Au bureau mon collègue Gérard avait cru bon me prévenir : « La Malaisie est un pays musulman. » Swee Ann ne l’était pas.
Mon départ imminent pour l’ile mythique de Bornéo était devenu le sujet préféré de tout le bureau. J’avais acheté mes billets Aeroflot pour Singapour ; au delà je devrai traverser la mer de Chine méridionale à bord d’un avion de la Malaysian Airlines System. Il ne m’était resté qu’à compter les jours jusqu'à mon congé.
Du service marketing à la compta mes collègues qui étaient presque toutes des femmes, avaient spontanément partagé mon enthousiasme ; leur solidarité dans la grande aventure qui m’attendait avait certes contribué à me donner le courage qui aurait pu me manquer à force d’imaginer ce qui pouvait m’attendre, hors mis Swee Ann, là-bas au bout du monde.
Au fil des jours mes souvenirs de fillette qui rêvait de voyager étaient revenus un à un. Parmi mes programmes de télévision préférés d’alors, les documentaires filmés dans des pays lointains suivaient Disney de prés. Je voulais devenir archéologue alors qu’Indiana Jones n’était pas encore né dans l’imagination de Spielberg. Ce devait être l’année de mes huit ans et je me souviens que les épisodes programmés portaient presque tous sur l’Asie. En fin d’une de ces séries documentaires je m’étais fait deux promesses solennelles que je devrai tenir coute que coute dans ma vie de grande personne archéologue-globe trotter professionnelle :
1-Explorer Angkor Watt.
2-Eviter Bornéo comme l’enfer.
Du haut de mes huit ans j’étais prête à traverser le monde, même à pied s’il le fallait jusqu’aux portes de la citée cambodgienne, pour pouvoir découvrir moi-même ses temples tombés, pendant si longtemps, victimes de l’oubli des hommes qui les avaient abandonnés aux poignes de géants que les arbres de la forêt font de leurs racines puissantes.
Le documentaire sur les habitants de Bornéo, au contraire, m’avait totalement convaincue, quoi qu’il arrive, de ne jamais faire escale sur cette ile dangereuse. Je me souviens encore de ces images de guerriers Dayaks dont les corps étaient tatoués du cou jusqu’aux orteils, sourire à la camera de toutes leurs dents plaquées or. Le commentateur qui, il fallait bien le croire, leur avait échappé avec la bobine de film avait expliqué que ce peuple pratiquait la chasse aux cranes humains pour leurs collections personnelles.
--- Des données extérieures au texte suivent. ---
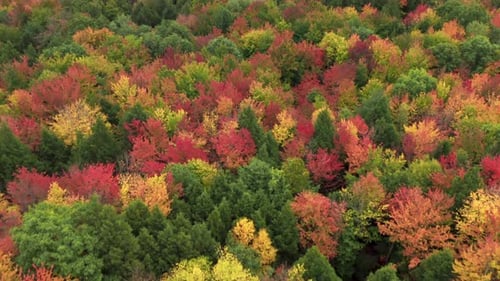 Herrliche ländliche Landschaft mit rotem Laub, grünem Holz, farbenfrohen, lebendigen Baumkronen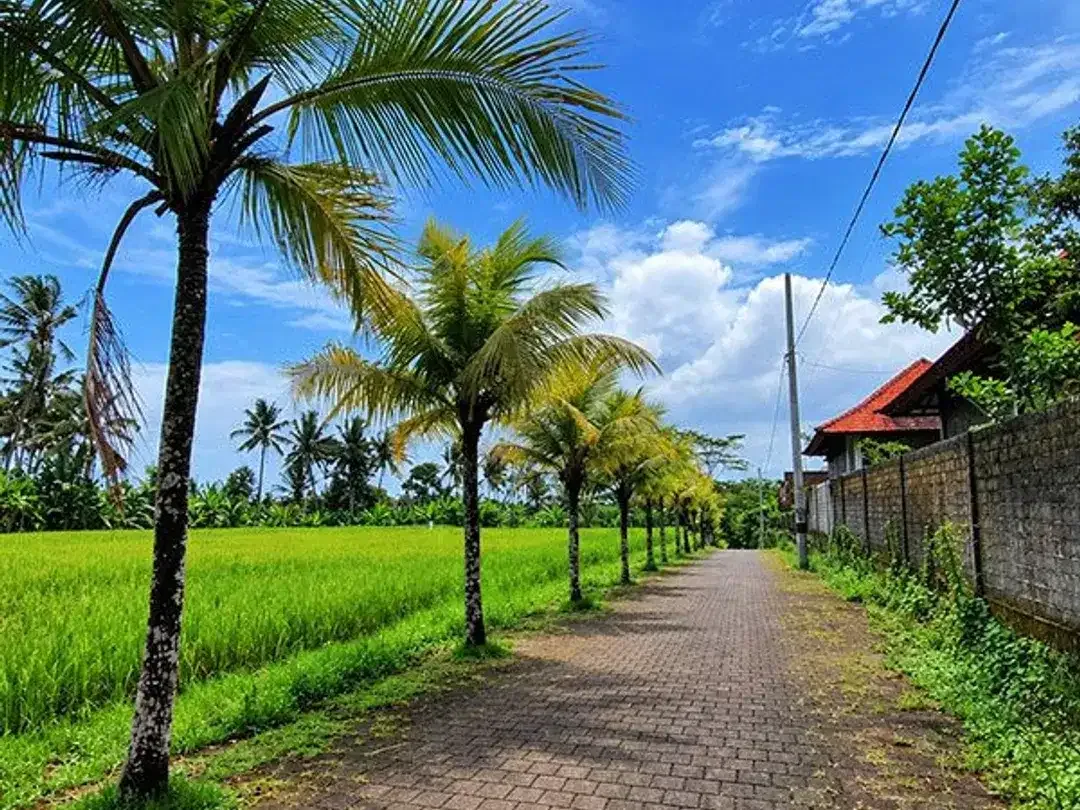 [AMS-102.BLR] Dijual Tanah Kavling Siap Bangun - di dalam Perumahan Denbantas Tabanan - Image 2 of 10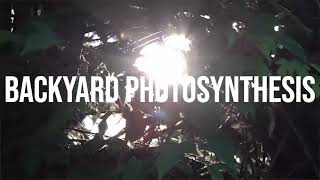 SEVNEO  BACKYARD PHOTOSYNTHESIS  DJ MIX [upl. by Euqirdor]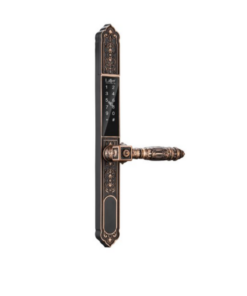 Khoá vân tay 2 mặt LAFFER WA02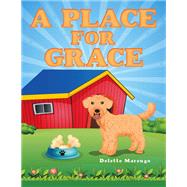 A Place for Grace book cover, ISBN 9781665750547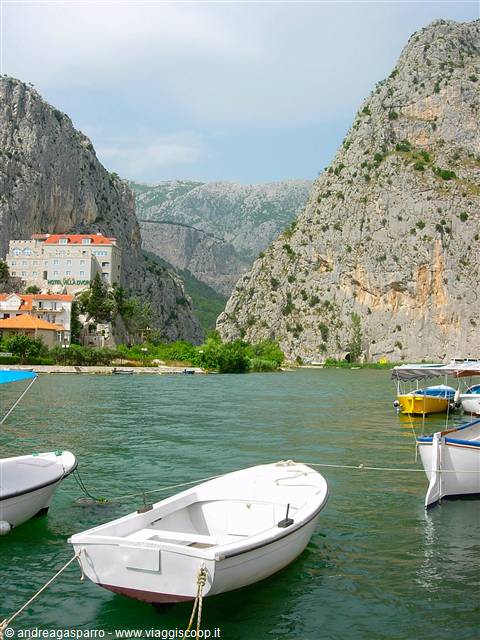 White boats moored on green waters of the Ombla channel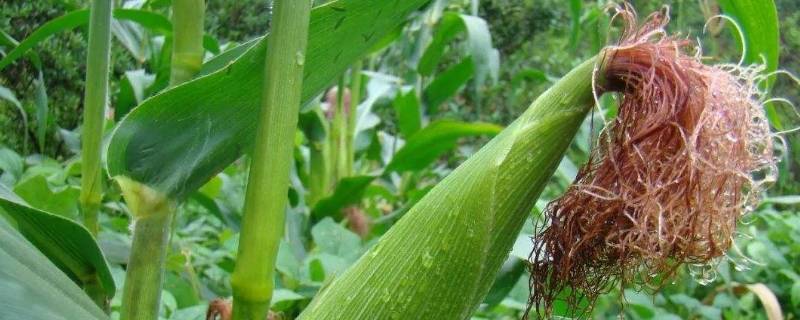 玉米须的功效与作用
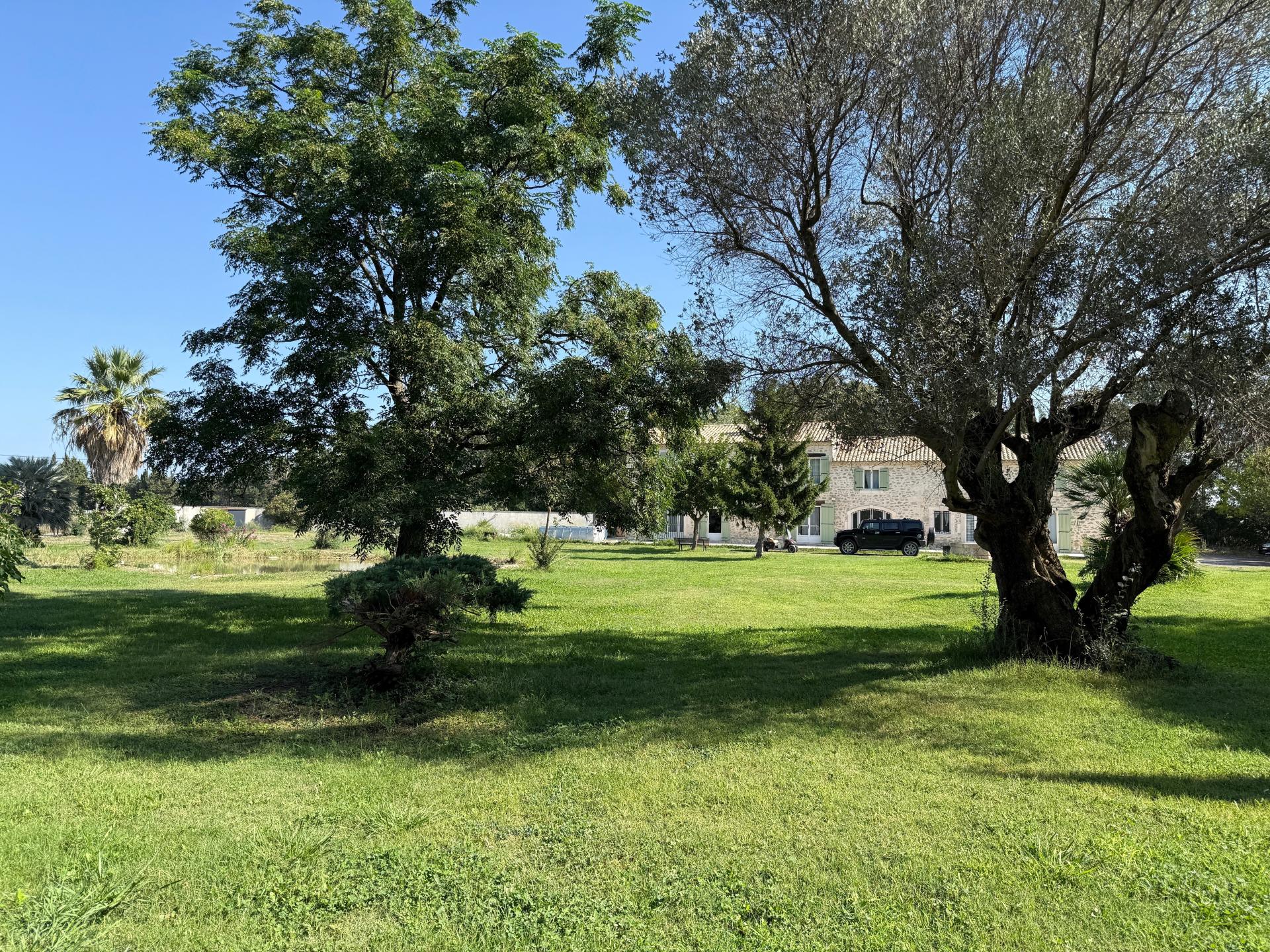 Photo 2 de l'annonce.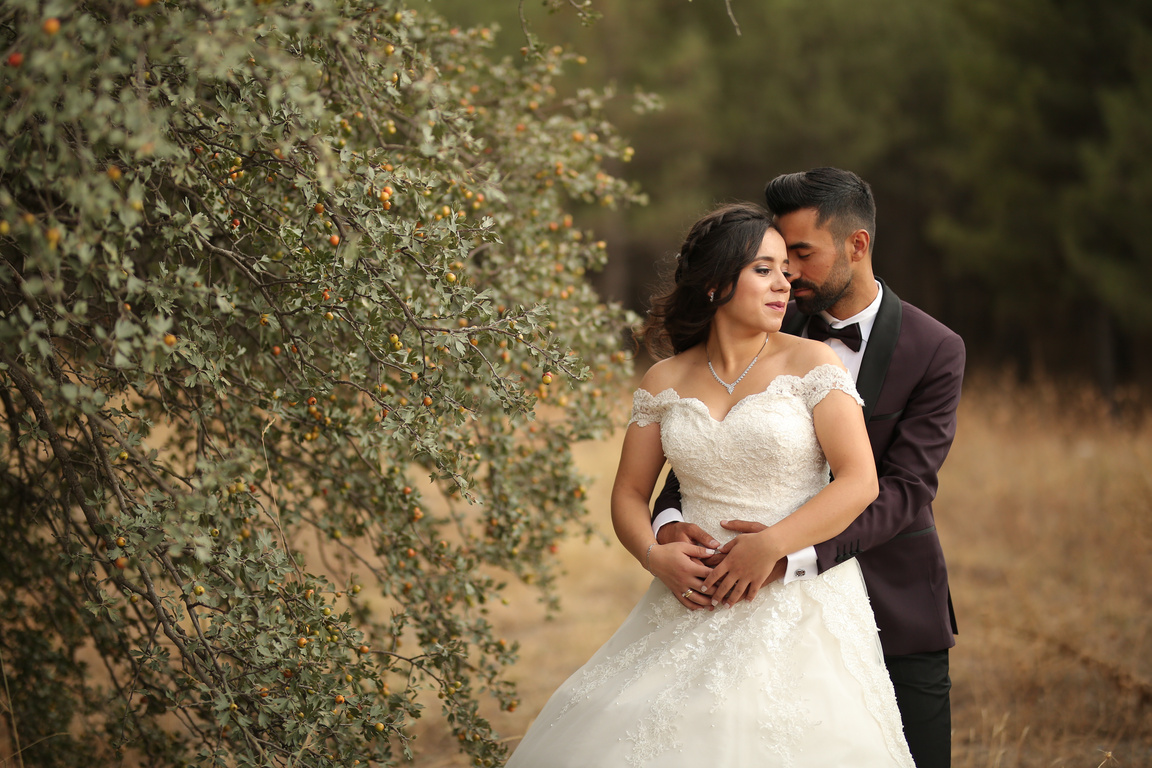 Wedding Photography of a Romantic Couple Standing near Green Plants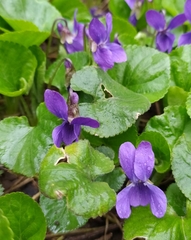 Viola odorata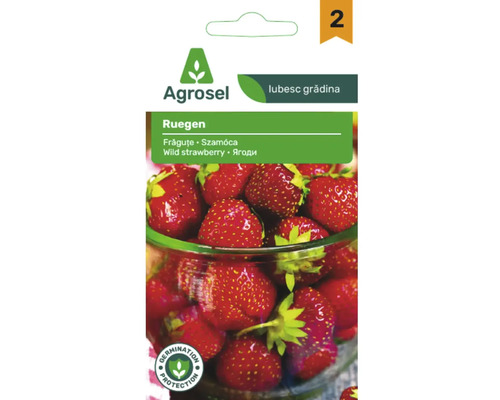 Agrosel Logo, semințe pentru frăguțe Ruegen, ilustrație cu un bol de căpșuni coapte și sigiliu pentru protecția germinației.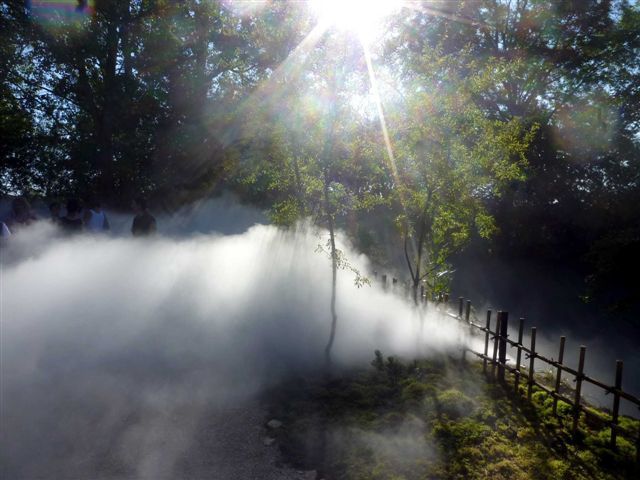 au Vent des forêts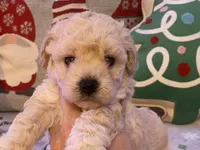 Toby, a male Maltipoo and Poodle - Toy  for sale in Tampa, FL – Photo 2 of 10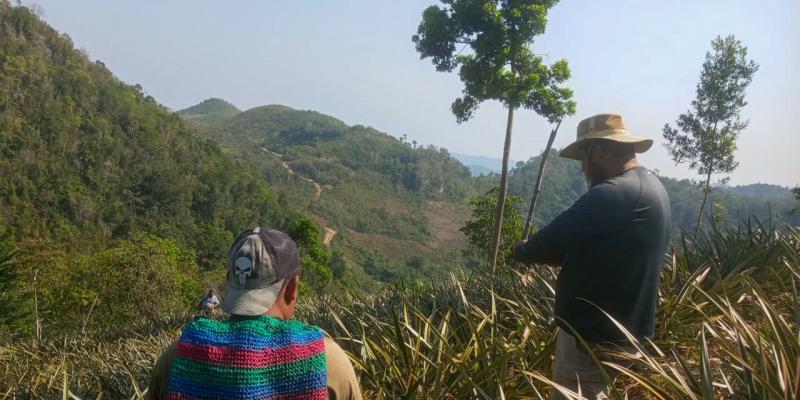 Fortalecen producción de piña en Petén 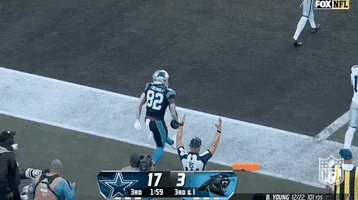 National Football League GIF by NFL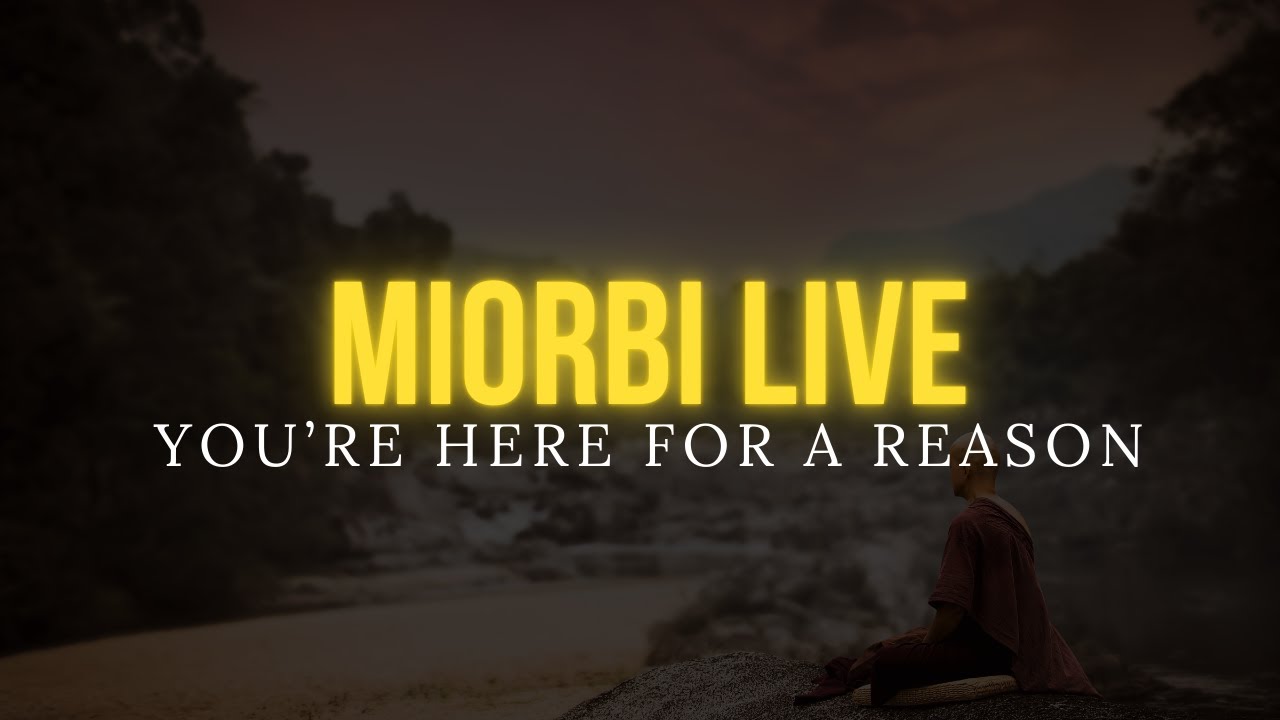 A Moment That Stopped Time — Live for the Collective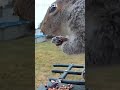 Squirrel Caught Raiding the Bird Feeder! 🐿️🌻 #shorts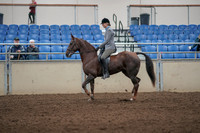 2019 Morgan Horse Show - Aug 31, 2019 - 07148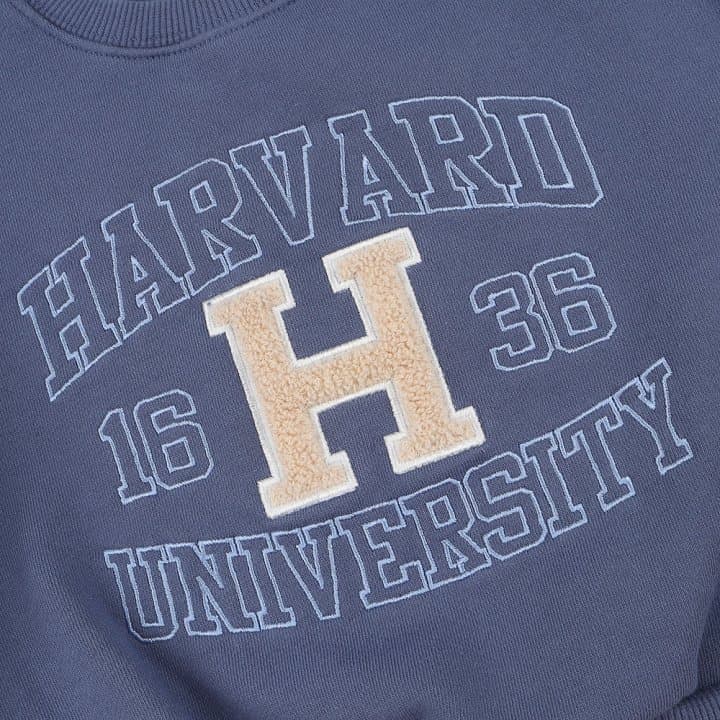 O Wen - Korean Children Fashion - #designkidswear - Harvard Brushed Sweatshirt - 10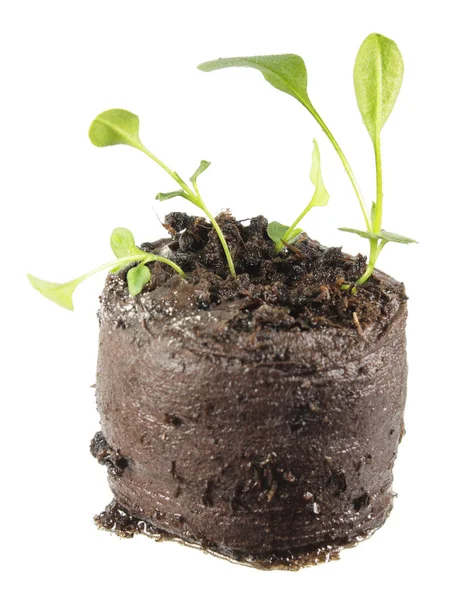 Seedling of wood forget-me-not plant (Myosotis sylvatica) isolated on white background — Stock Photo, Image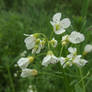 Large bitter-cress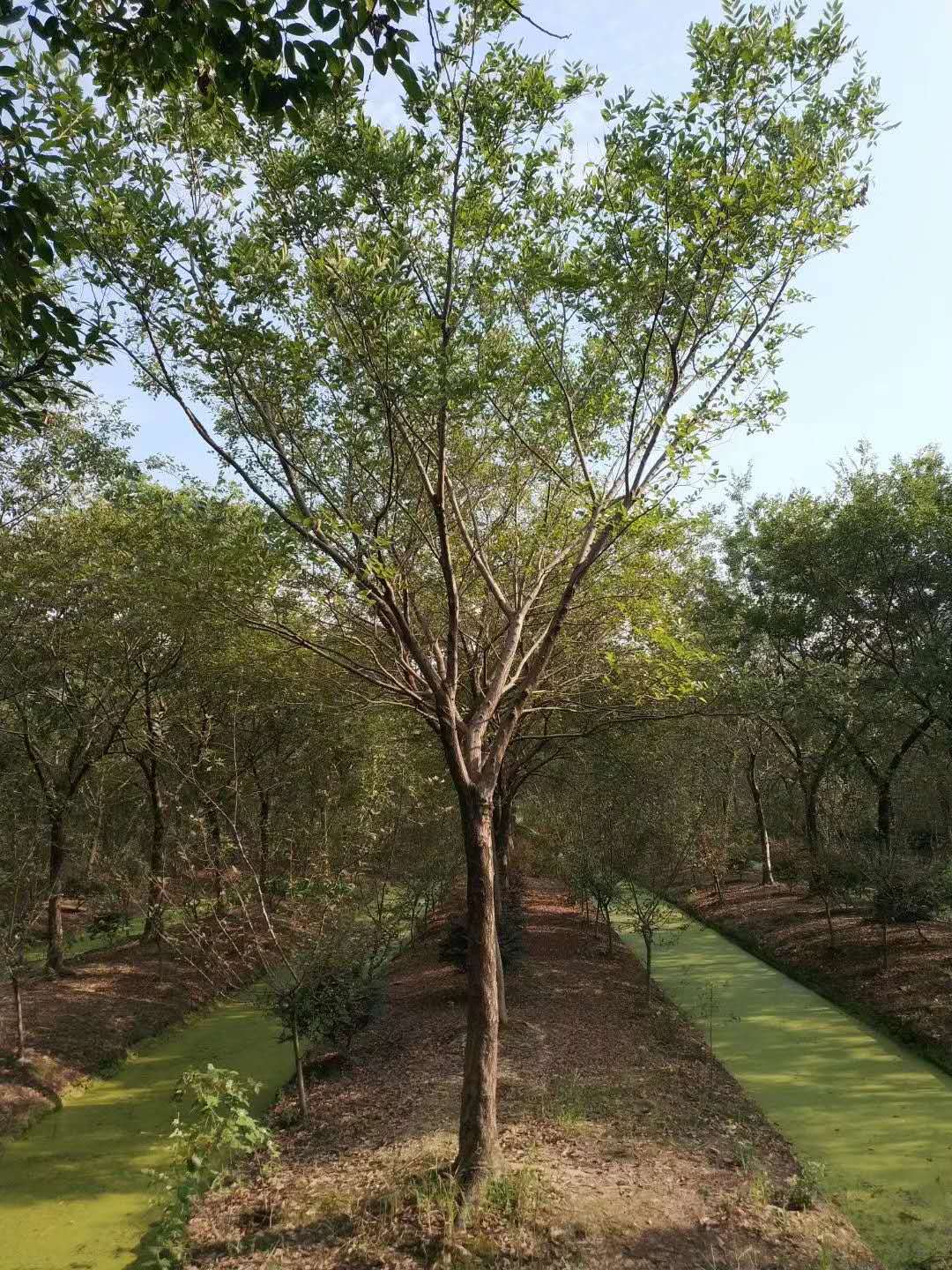 供应朴树5公分朴树10公分朴树15公分朴树30公分朴树50公分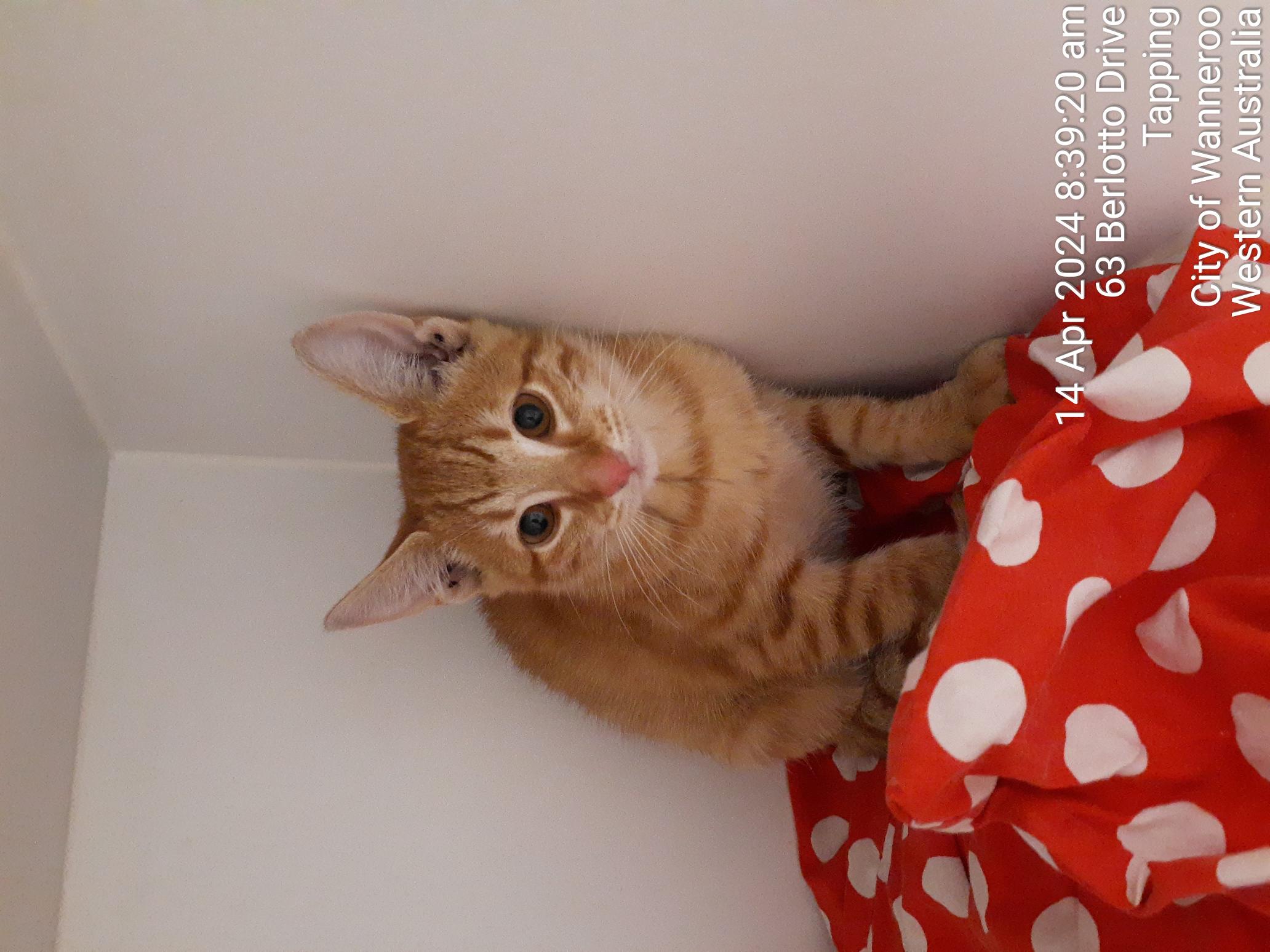 Ginger & Tan female DSH Kitten cat - Animal Care Centre - City of Wanneroo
Je n’avais jamais eu aussi peur d’affronter mon avenir d’exploratrice que depuis le programme sur les Jivaros réducteurs de têtes ! Presque vingt ans plus tard, mieux renseignée sur l’évolution des coutumes Dayaks en fin de XXème siècle et sous le charme de Swee Ann, j’avais jeté ma prudence au panier et j’étais prête à mettre le cap sur Bornéo, rassurée d’avoir appris que les indigènes conservaient encore les cranes mais qu’ils n’en collectionnaient plus de nouveaux et que la chasse était officiellement interdite.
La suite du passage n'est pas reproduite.